I'm writing a tcl/tk application, where i would like to use font-awesome icons.
In principal, this works nicely: just display some string/label with the correct unicode char, and if the proper fonts are installed, it will render)
Now, on my dev machine i have font-awesome installed as an ordinary machine. I cannot expect that on the deployment machines.
So I would like to find out, whether the system can render a given character, or whether it just uses a glyph-not-found placeholder. In the latter case, i would just fallback to some less-nice representation...
(I don't want my users to have to answer a question like "does this string look correct?")
E.g. the symbol "" (
) displays as the stackoverflow-icon in my application. in my browser it is rendered as a glyph-not-found.
So, is there a way to find out programmatically, if any of the (used) system fonts provides the glyph for a given character?

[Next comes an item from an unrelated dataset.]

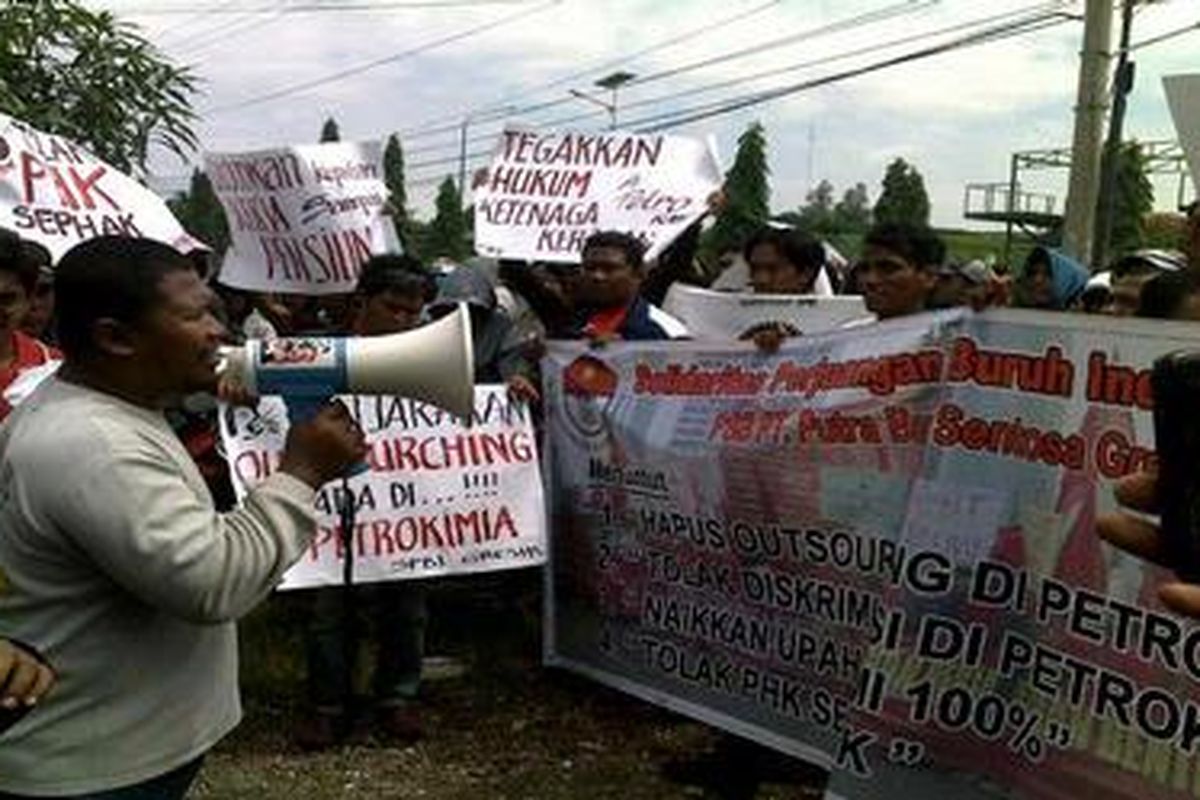 Buruh outsourcing yang dipekerjakan di PT Petrokimia Gresik Jumat (13/1/2012), berunjuk rasa ke Kantor Dinas Tenaga Kerja Kabupaten Gresik Jawa Timur menuntut kenaikan upah dan penghapusan outsourcing.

Unfortunately, there isn't; it's outright missing functionality. The closest you can get is to get the actual font info for a character — requires 8.6 I think — or to measure its width, but that doesn't really help:
% font actual TkFixedFont
-family Monaco -size 11 -weight normal -slant roman -underline 0 -overstrike 0
% font actual TkFixedFont \uf16c
-family Monaco -size 11 -weight normal -slant roman -underline 0 -overstrike 0
% font measure TkFixedFont \uf16c
14
(The character renders as the glyph-not-found symbol on this system with that font.)